All picture sizes result in reconstructed background with some characteristic outlines and proper colours. Nonetheless, as picture dimension will increase, extra options are in a position to be recovered. This is sensible as though it would take so much longer to coach a mannequin with a bigger picture dimension, there may be extra data that may be captured and discovered by the mannequin.
With picture era, this can be very troublesome to generate prime quality photographs. Most photographs have backgrounds to some extent and blurred options within the picture. This could be anticipated for picture era from a CVAE. This happens in each concatenation and addition for the conditional enter, however the concatenated strategy performs higher. That is probably as a result of concatenated conditional inputs is not going to intrude with vital options and ensures data is preserved distinctly. Situations might be ignored if they’re irrelevant. Nonetheless, additive conditional inputs can intrude with current options and fully mess up the community when updating weights throughout backpropagation.
The entire COCO generated photographs have a far decrease SSIM of about 0.4 in comparison with the SSIM on Trend-MNIST. MSE is proportional to picture dimension, so it’s troublesome to quanity variations. FID for COCO picture generations are within the 200s for additional proof that COCO CVAE generated photographs are usually not strong.

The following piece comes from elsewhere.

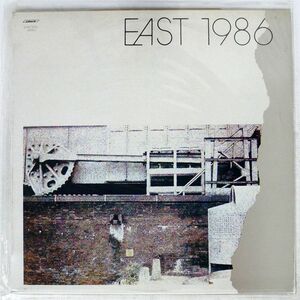 EAST/1986/START SLPX17972 LP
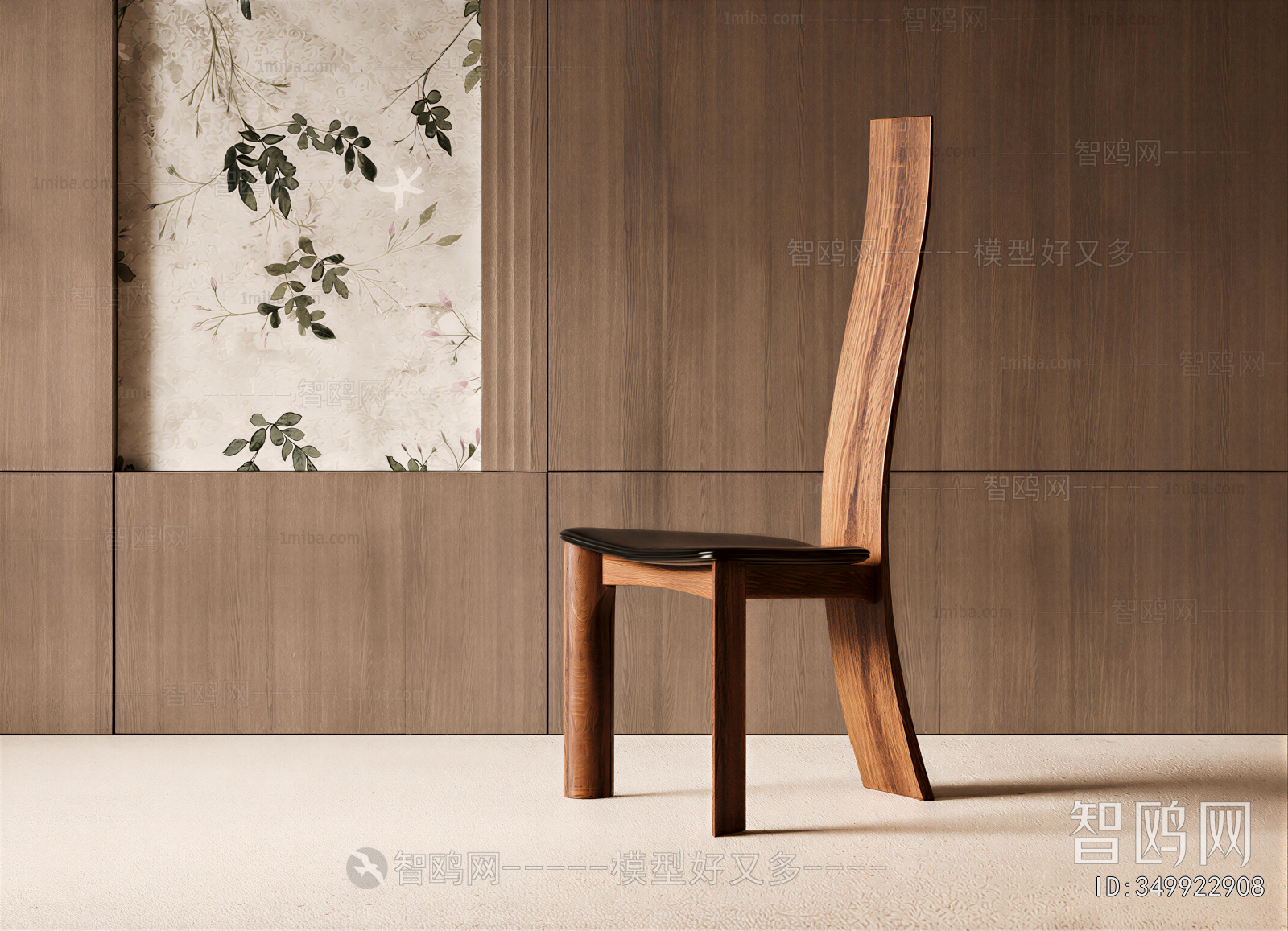 Wabi-sabi Style Dining Chair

The largest limitation in attempting to make use of CVAEs for picture era is, effectively, the CVAE. The quantity of data that may be contained and reconstructed/generated is extraordinarily depending on the dimensions of the latent area. A latent area that’s too small received’t seize any significant data and is proportional to the dimensions of the output picture. A 28×28 picture wants a much smaller latent area than a 64×64 picture (because it proportionally squares from picture dimension). Nonetheless, a latent area greater than the precise picture provides pointless information and at that time simply create a 1-to-1 mapping. For the COCO dataset, a latent area of at the least 512 is required to seize some options. And whereas CVAEs are generative fashions, a convolutional encoder and decoder is a fairly rudimentary community. The coaching type of a GAN or the complicated denoising strategy of a DDPM permits for much extra difficult picture era.
One other main limitation in picture era is the dataset skilled on. Though the COCO dataset has annotations, the annotations are usually not extensively detailed. With a purpose to practice complicated generative fashions, a distinct dataset ought to be used for coaching. COCO doesn’t present areas or extra data for background particulars. A posh characteristic vector from the CLIP encoder can’t be successfully utilized to a CVAE on COCO.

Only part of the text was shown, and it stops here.